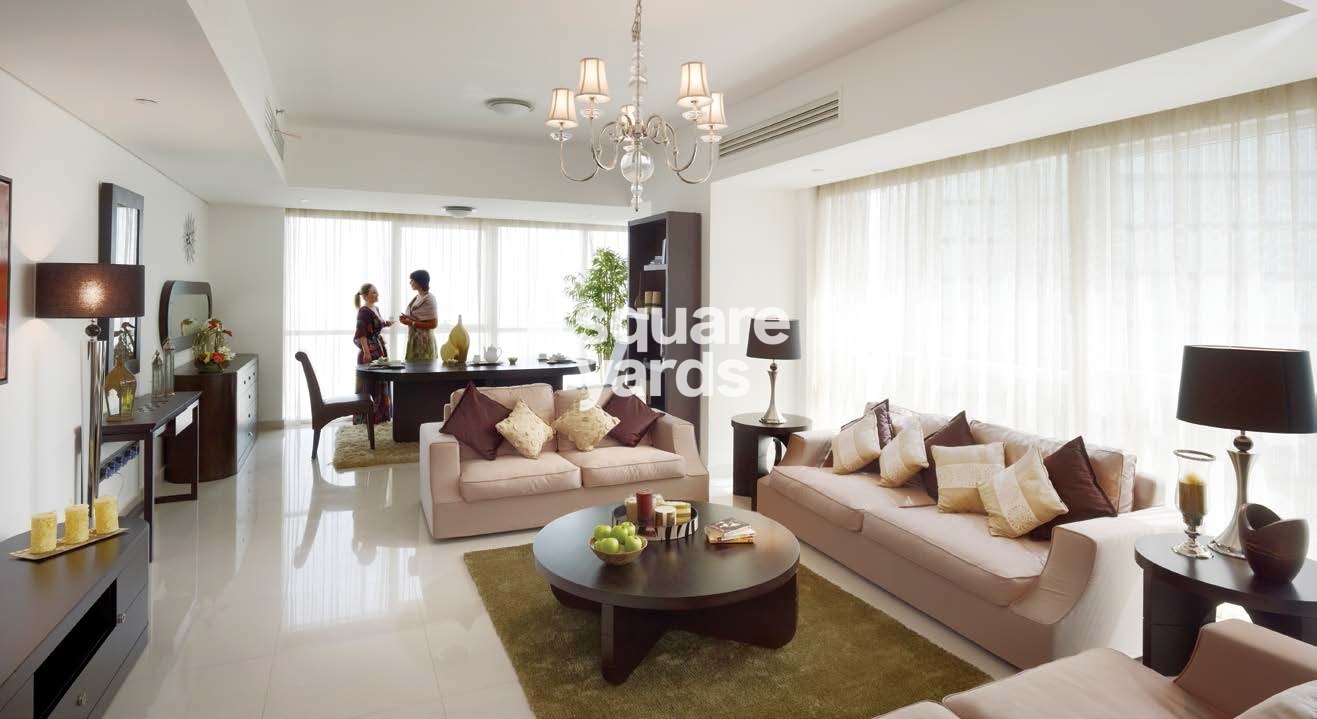 Aabar Al Durrah Tower Apartment Interiors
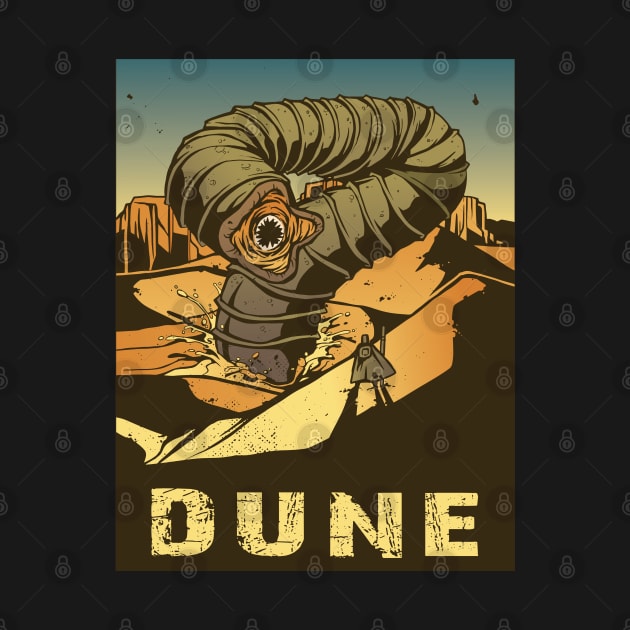 Dune Arrakis surf arrakis sci fi science fiction by JayD World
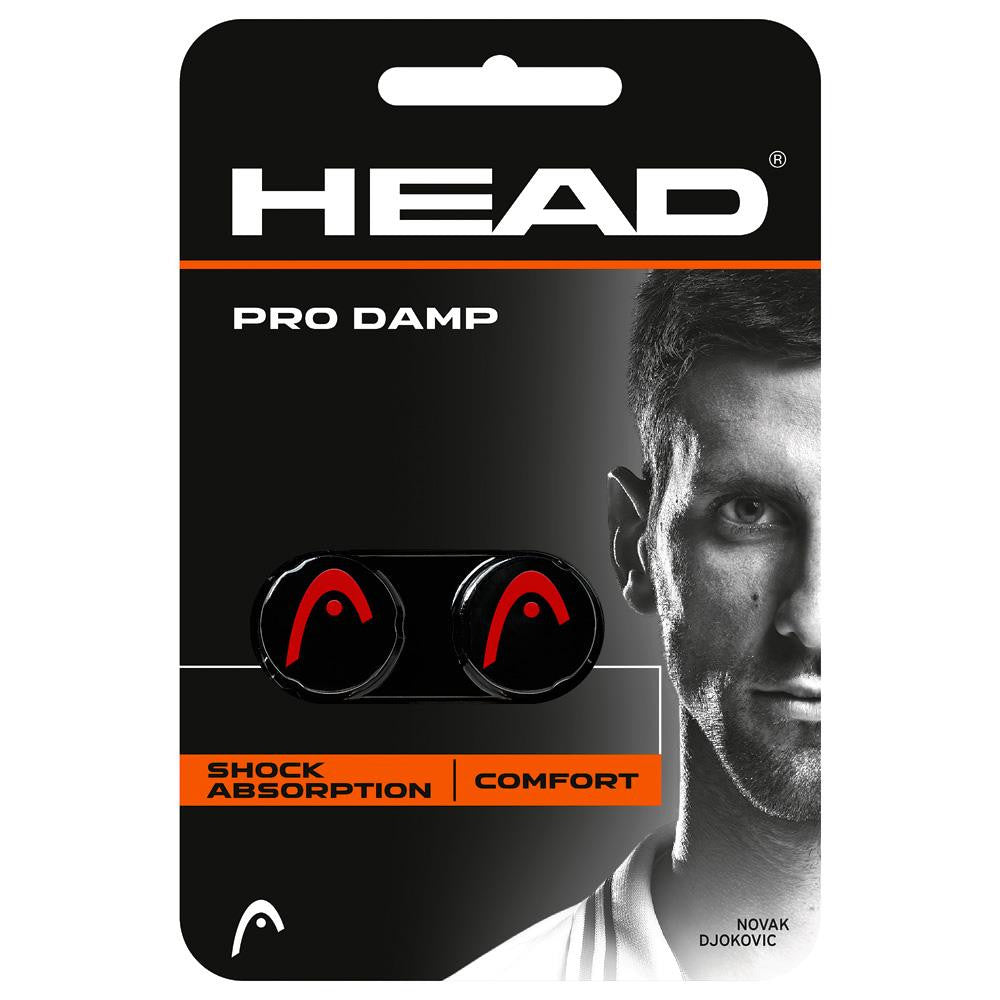 Head Dampener Pro Damp - Black/Red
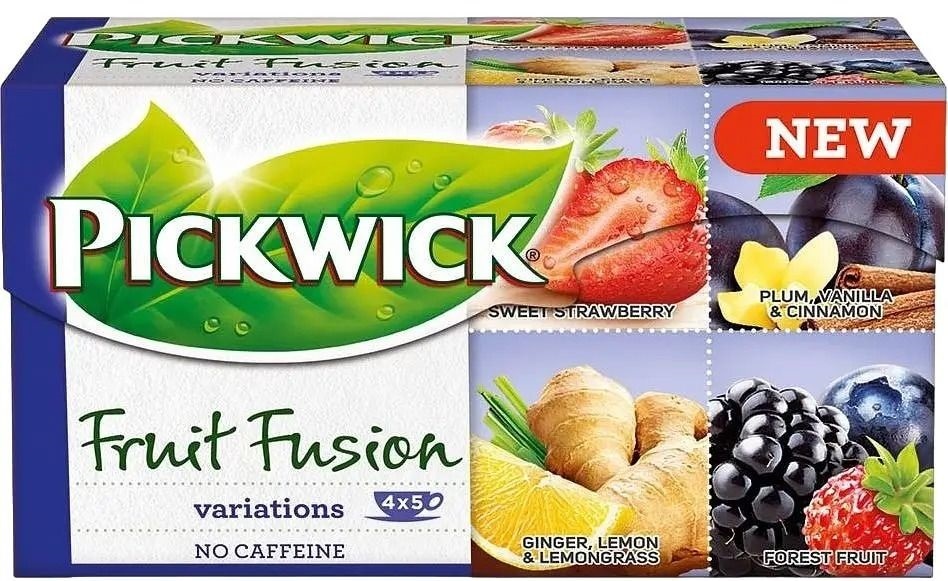 Напиток Pickwick Fruit fusion 20 шт фото 2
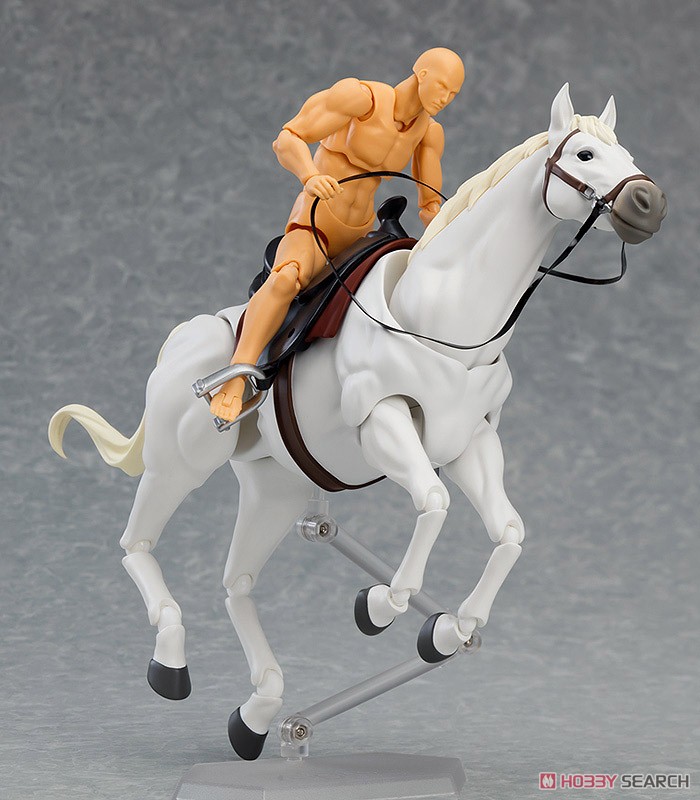 <Preorderถึง 13/5/2022>🔔เปิดรับPreorder มัดจำ 300บาทfigma Horse Ver.2 (White) (PVC Figure)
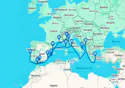 27-DAY SOLAR ECLIPSE COLLECTORS' VOYAGE: ITALY & IBERIA-O645B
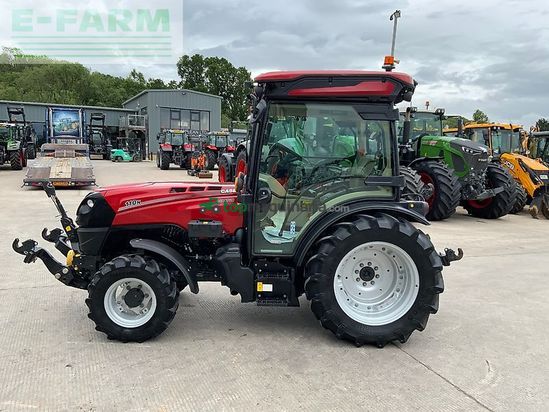Tractor agrícola - Case IH - quantum 110n narrow tractor (st26869)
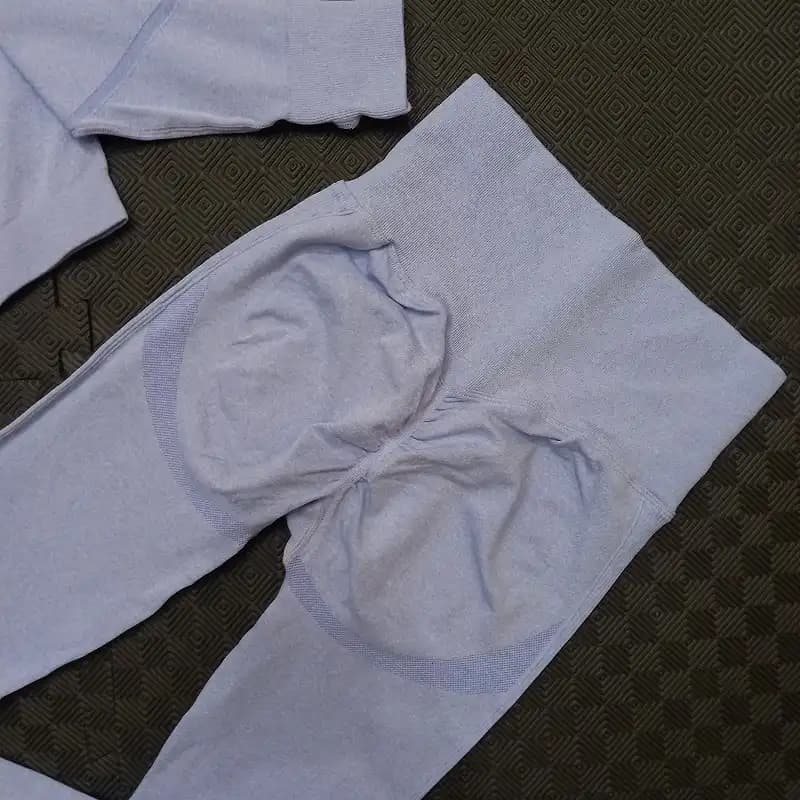 ست اورجینال ورزشی پشت چیندار فینگری سیملس SY-014 — تصویر ۵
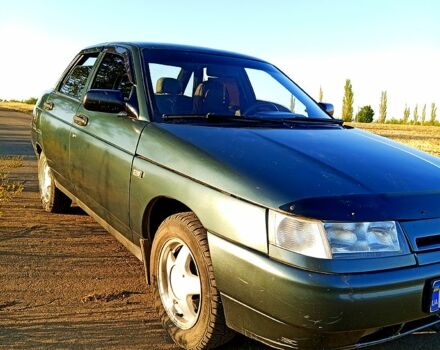 Зелений ВАЗ 2110, об'ємом двигуна 1.6 л та пробігом 250 тис. км за 2650 $, фото 2 на Automoto.ua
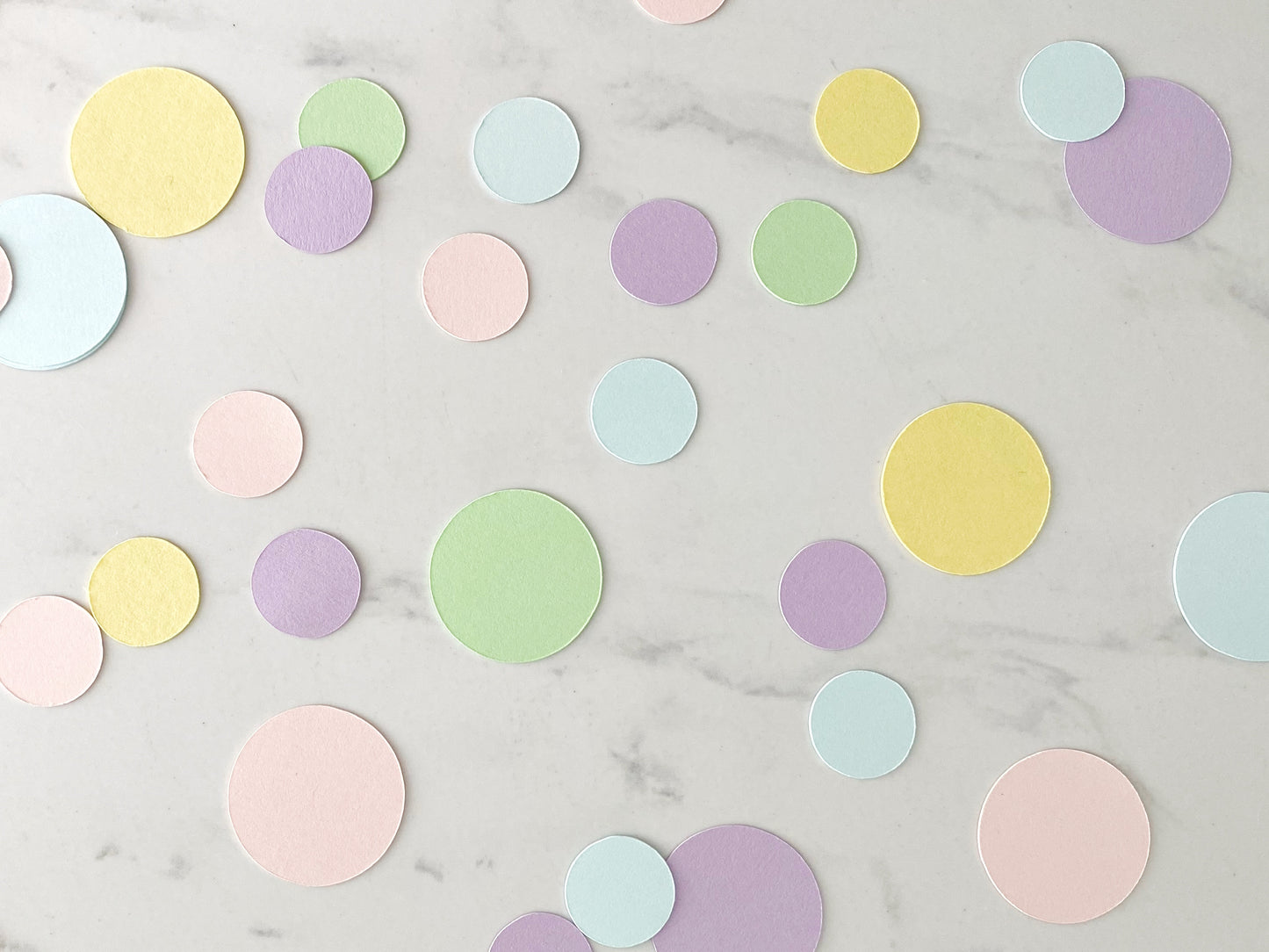 Pastel Rainbow Confetti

WHAT NEEDS TO BE DONE
Your answer must be the lines from the one containing "Зелений ВАЗ 2110, об'ємом" through the final line of the entries, duplicated exactly, with both ends kept and all pictures left out.

YOUR SOLUTION
 Зелений ВАЗ 2110, об'ємом двигуна 1.6 л та пробігом 250 тис. км за 2650 $, фото 2 на Automoto.ua
 Pastel Rainbow Confetti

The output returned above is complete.